Johnny Cash was great. There wasn't much music that my Grandpa liked that I could also appreciate. Where some music is timeless and some music is ageless, somehow Johnny Cash is both. Today we can find hints of Cash in plenty of the music coming out now. I jokingly called it "The Age of Hand Claps and Foot Stomps", but what it might be is more of a return to the roots of what makes great timeless music. Music that connects to people is made by real people. Johnny Cash was just a kid from Arkansas who wanted to sing and play a guitar, tell a story and make you feel something. Most of the groups that are connecting with people now are doing that same thing. But not all of them are using what Johnny Cash gave to us so literally.
It's pretty ballsy to take the most iconic lyrics of the most iconic Johnny Cash song to open your latest track but Matthew Houck doesn't care. In the first single off Phosphorescent's upcoming album Muchacho, Matthew Houck squeezes those iconic lyrics out of his broken voice box and totally makes them his own. They are so much his own that it took me a few listens to understand why this song felt so familiar.
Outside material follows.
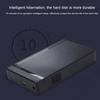 Set Data Storage ABS Enclosure 2.5/3.5 Inch HDD Driver-free Smart Sleep Hard Disk Case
The great thing about Phosphorescent is that they are familiar. Something about their music just feels right. It's like a blanket. Their new track "Song for Zula" is like a blanket that your parents keep in their linen closet for when you come home. It's ripped to shreds and patchy but it's warm and it feel like home. We like songs like that.
This song will get picked up by some indie Zach Braff/Josh Radnor movie trailer soon, let's enjoy it together before it makes its way to Diet Coke commercials.